### What you are asked to do
The lines to return are those from the line holding "Pangsapuri untuk Disewa" through the last line of the entries below, both included, written exactly and without pictures.

(Short text fragments from websites)
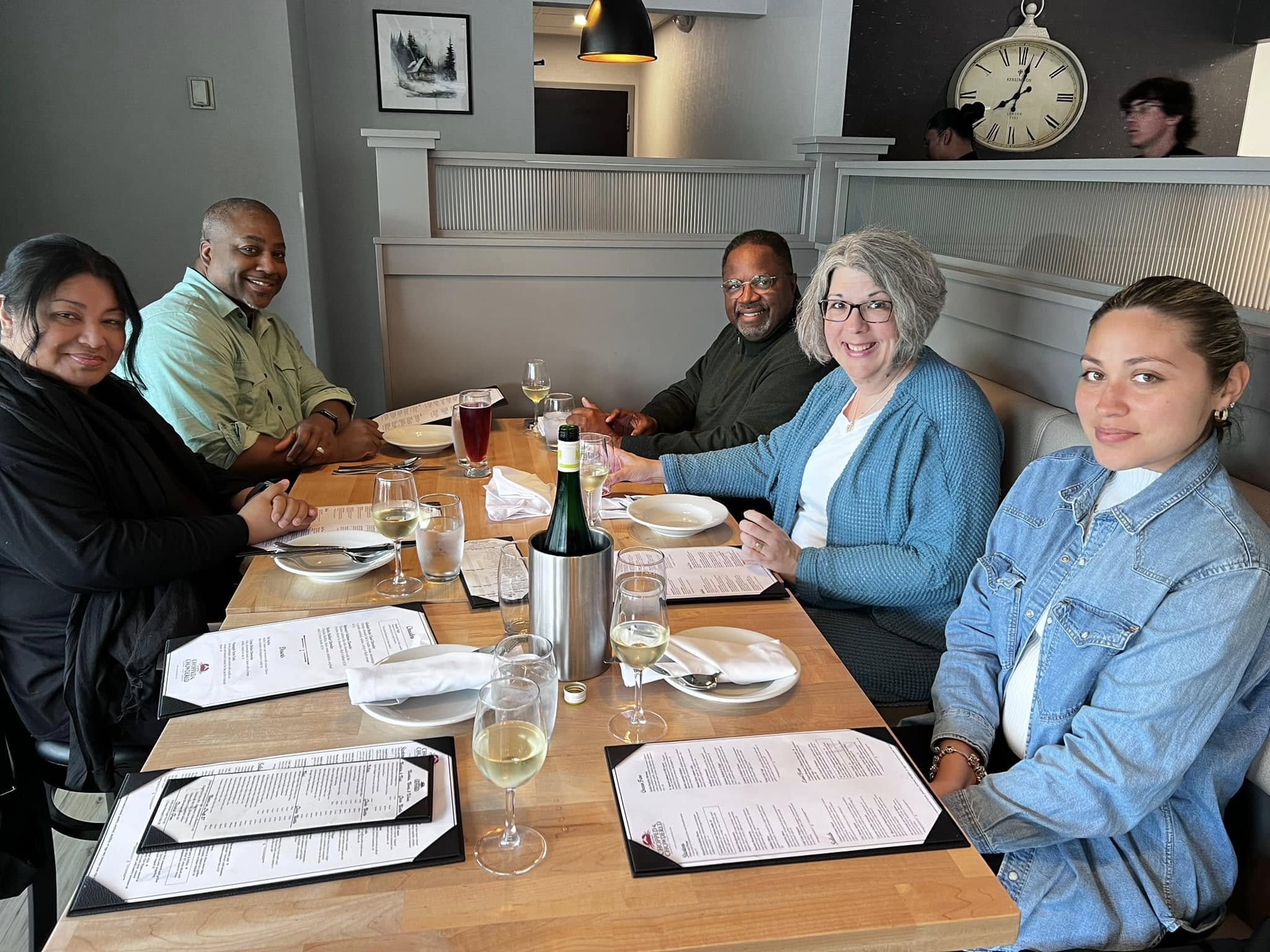 Workforce and job preparation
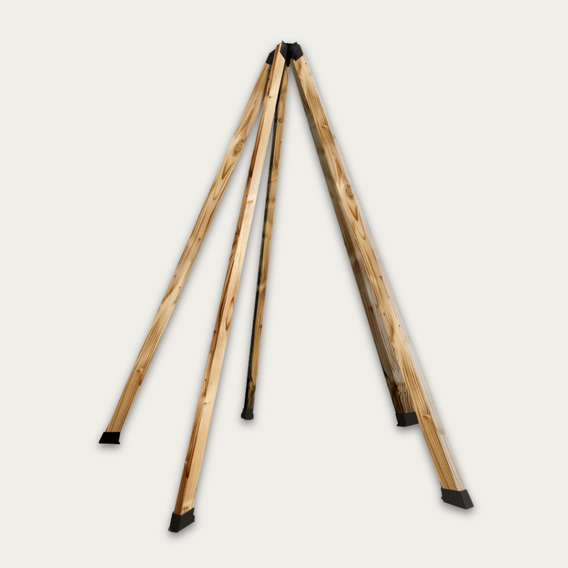 Moment of Zen Wood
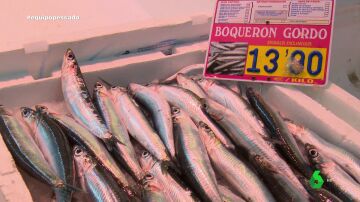 ¿Cómo saber si estás comprando pescado fresco?: Equipo de Investigación ofrece las claves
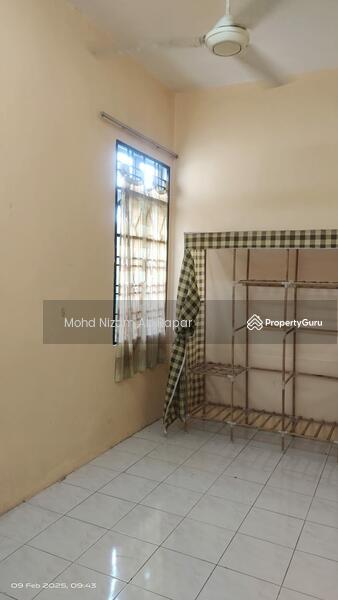 Pangsapuri untuk Disewa di Resak Apartment - Mohd Nizam Ab Rapar - PropertyGuru.com.my
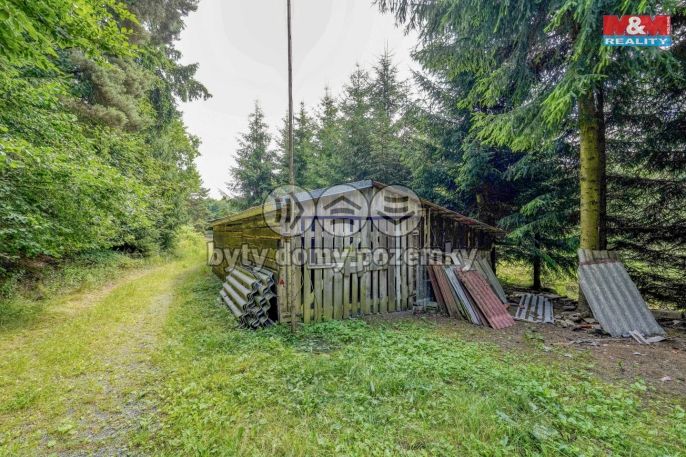 Prodej, Zemědělská usedlost, Mrákov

### Completed task
 Pangsapuri untuk Disewa di Resak Apartment - Mohd Nizam Ab Rapar - PropertyGuru.com.my
 Prodej, Zemědělská usedlost, Mrákov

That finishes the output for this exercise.